Betty, is that Jimmy's mousepad you're holding?...
Mm-hm...
Gee, it must be fun chatting with him!
Is he meetin you after work today?...
Nuh-uh...
By the way, how'd you meet him?

I met him through his Myspace blog
I PM'd him, he PM'd me
We traded jpegs (Oh, we see!)
The techie I fell for--The Leader on the Mac!
(SFX: bleep boop beep, buzzzzzz!)

Our boss was always putting him down (down! down!)
He said that Steve Jobs was a worthless clown
(He was mean and he teased that Steve Jobs was a worthless clown!)
Jim gave me his nice mouse pad
And I thought he was rad!
Well, I-M-H-O--the Leader on the Mac!
(SFX again)

One day our boss said, "It's time to renew
We're going with PCs for the work that we do"
(The boss, he's so cruel, a reconfig to PCs is what he'll do)
Jim's screwed here, do you know why?
He'll have to recertify!
I'm sorry they canned you--the Leader on the Mac!
(SFX again)

(spoken:)
He cleaned out his desk, and then my C Drive
--He didn't want our love notes to show
As he walked away, blowing a kiss goodbye,
I begged him, "please don't go!"
What was his password? I'll never know
(No no no no no...)
Log Out! Log Out! Log Out! Log Out!
(SFX: The system CRASHES!)

Since he was jobless, what did he do?
He fried the drives in the server room!
The boss was caught unaware
Our data's erased, but I don't care
You really did show them! You Leader on the Mac!
(general computer SFX again)

(ooooh....)
The program's been hacked. Data's gone!
The program's been hacked. Data's gone!
The program's been hacked. Data's gone!

(SFX modems, Microsoft bleeps, bleeps, IE Explorer opening tones, the Intel tones, etc. fadeout....END PROGRAM)

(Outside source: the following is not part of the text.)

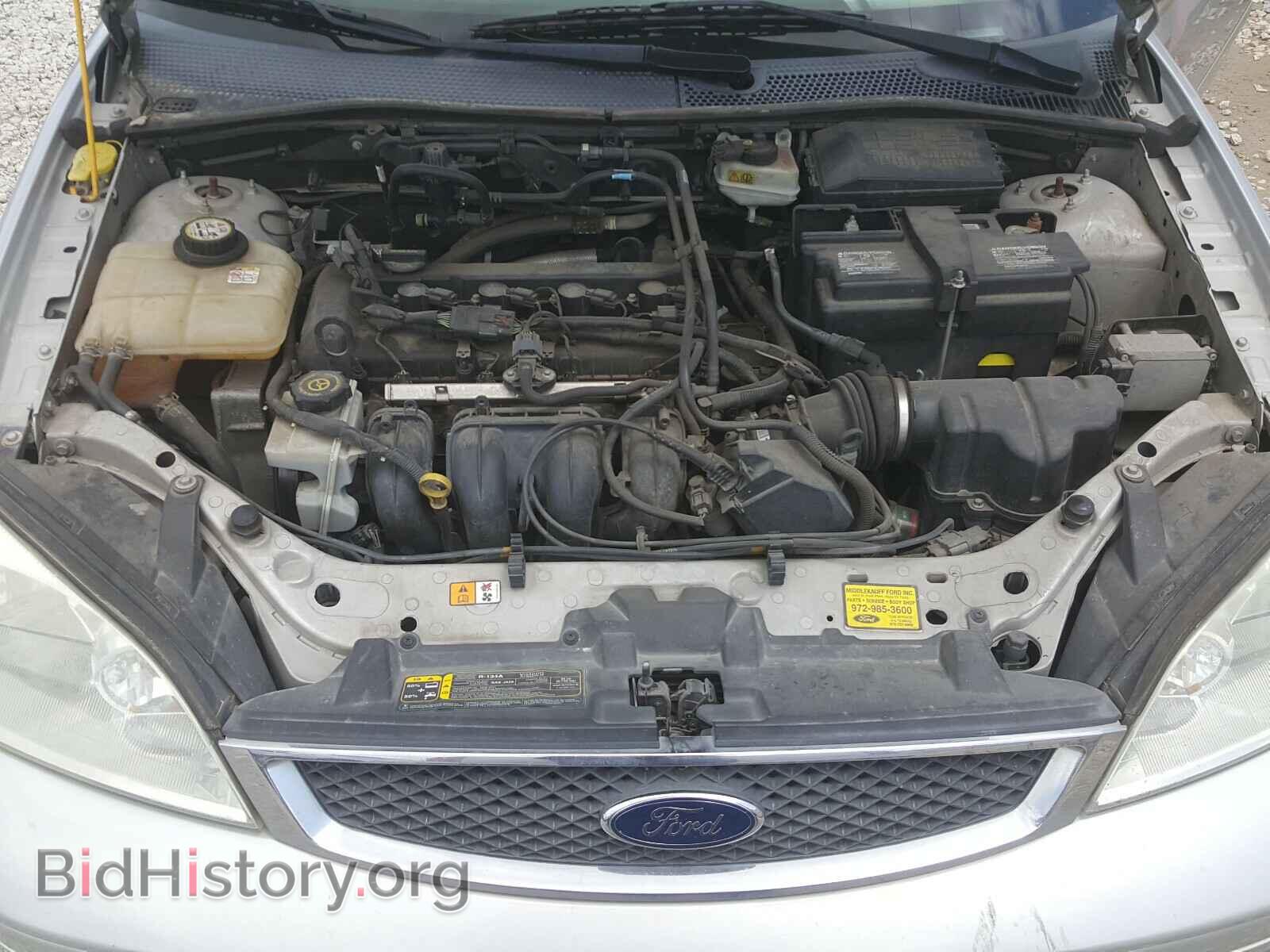 2006 FORD FOCUS - VIN: 1FAFP31N86W162245 - Фото 7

dan138zig (Durrr Durrr Durrrrrr), Saturday, 14 March 2009 23:51 (seventeen years ago)

That is the best thing ever.

Bubble Withdrawal (Masonic Boom), Sunday, 15 March 2009 00:03 (seventeen years ago)

three years pass...

R.I.P. Shadow Morton

Tarfumes The Escape Goat, Friday, 15 February 2013 18:00 (thirteen years ago)

RIP

curmudgeon, Friday, 15 February 2013 19:19 (thirteen years ago)

RIP. "Remember" is like the best song ever written.

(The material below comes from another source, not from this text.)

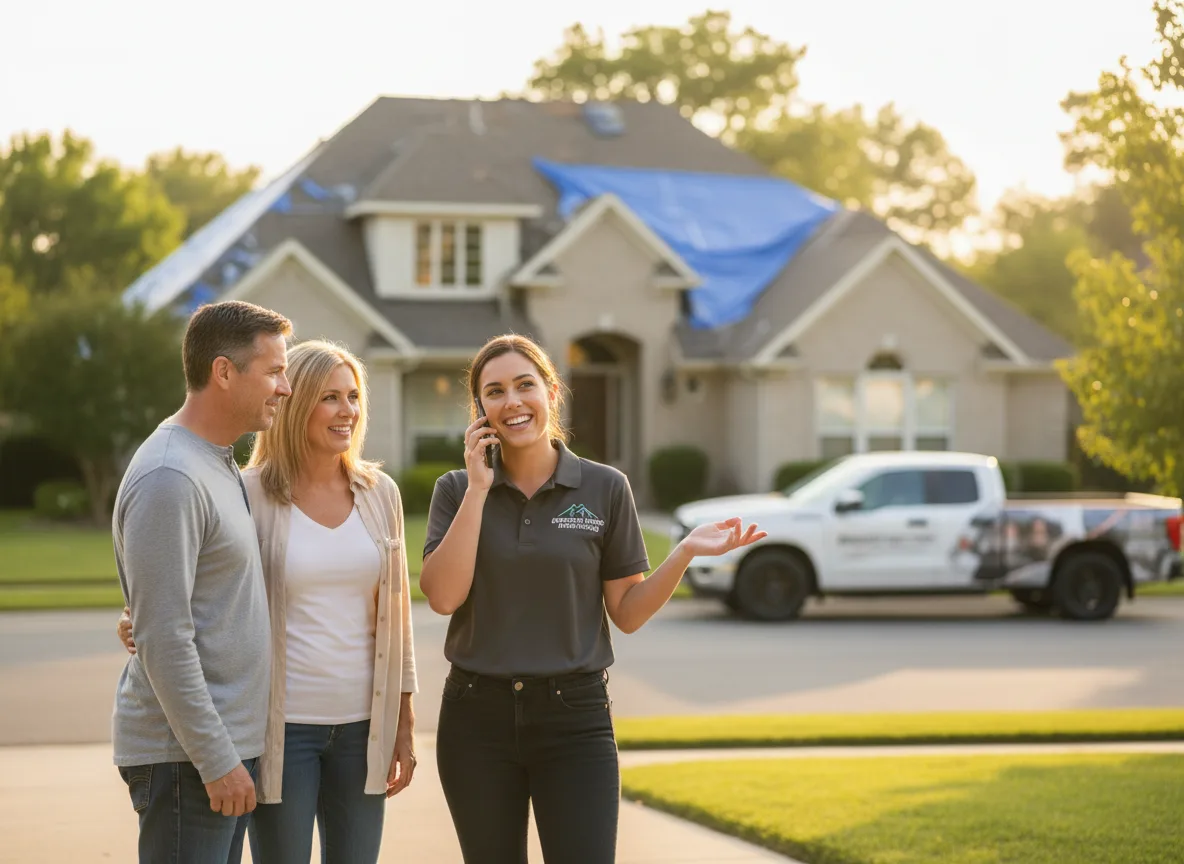 24-Hour Emergency Roof Leak Repair in Mount Wolf, PA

Poliopolice, Friday, 15 February 2013 19:19 (thirteen years ago)

I don't think I knew he was still alive. "Train from Kansas City" or "Out in the Street" is my favourite. And the second Dolls album is great in a different way than the first.

clemenza, Friday, 15 February 2013 22:52 (thirteen years ago)

Didn't know he was still around either. Didn't know he produced "Society's Child" or a few others. Must have sensed his passing when I chose my new screenname. RIP

Stranded In the Jungle Groove (James Redd and the Blecchs), Friday, 15 February 2013 23:44 (thirteen years ago)

yes, they are

Mark G, Saturday, 16 February 2013 10:35 (thirteen years ago)

separate thread started:

I'll never forget him (the leader of the pack): RIP Shadow Morton

curmudgeon, Sunday, 17 February 2013 21:54 (thirteen years ago)

one year passes...

http://nypost.com/2014/05/17/ahead-of-the-pack-how-the-shangri-las-created-punk/

Damnit Janet Weiss & The Riot Grrriel (C. Grisso/McCain), Thursday, 22 May 2014 00:48 (twelve years ago)

Nice article--good stories re James Brown and stuff. Didn't realize how young they were back then.

curmudgeon, Thursday, 22 May 2014 14:29 (twelve years ago)

nine years pass...

Wish I were able to express how great I think the lyrics of "Out in the Streets" are (...to say nothing of the music & vocal performance).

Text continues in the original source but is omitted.